#### WHAT THE TASK ASKS:
The listing below should be printed exactly, every line of it. Skip the pictures.
◆ ◆ ◆
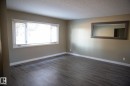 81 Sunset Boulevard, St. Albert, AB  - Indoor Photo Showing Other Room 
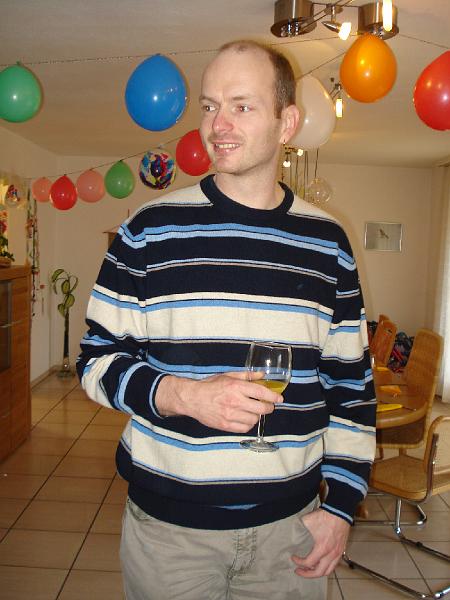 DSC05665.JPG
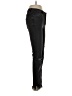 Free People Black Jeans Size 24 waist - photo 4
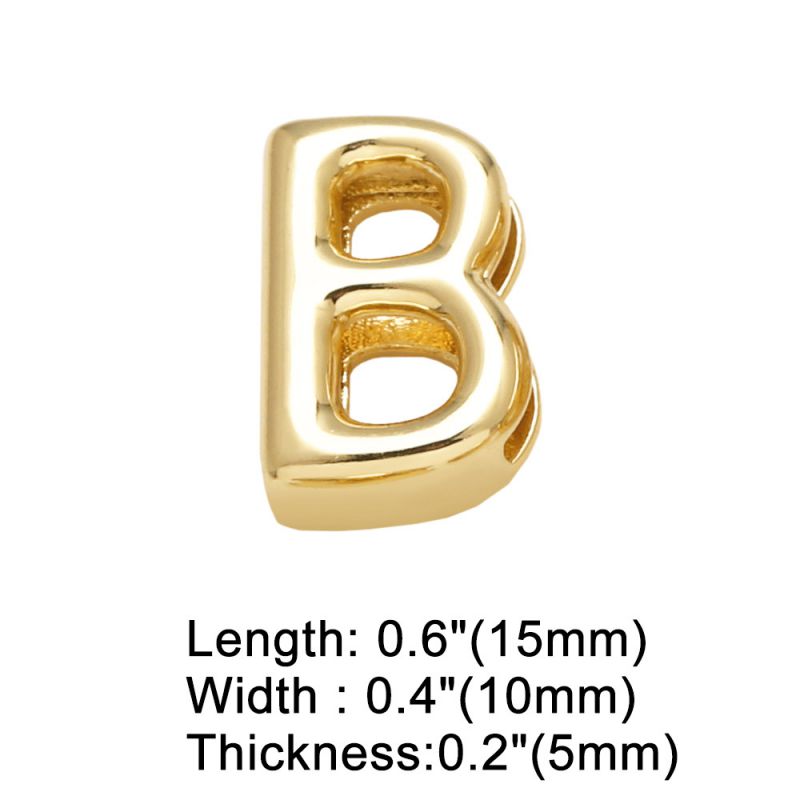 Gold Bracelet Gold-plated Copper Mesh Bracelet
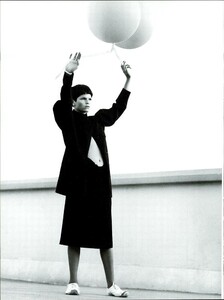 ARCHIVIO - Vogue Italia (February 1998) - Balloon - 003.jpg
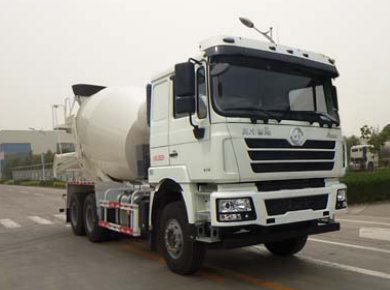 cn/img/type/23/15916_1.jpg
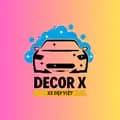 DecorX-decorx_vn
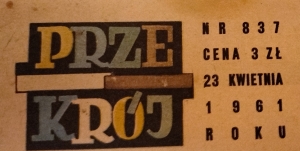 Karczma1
◆ ◆ ◆
#### FINAL ANSWER:
 81 Sunset Boulevard, St. Albert, AB  - Indoor Photo Showing Other Room 
 DSC05665.JPG
 Free People Black Jeans Size 24 waist - photo 4
 Gold Bracelet Gold-plated Copper Mesh Bracelet
 ARCHIVIO - Vogue Italia (February 1998) - Balloon - 003.jpg
 cn/img/type/23/15916_1.jpg
 DecorX-decorx_vn
 Karczma1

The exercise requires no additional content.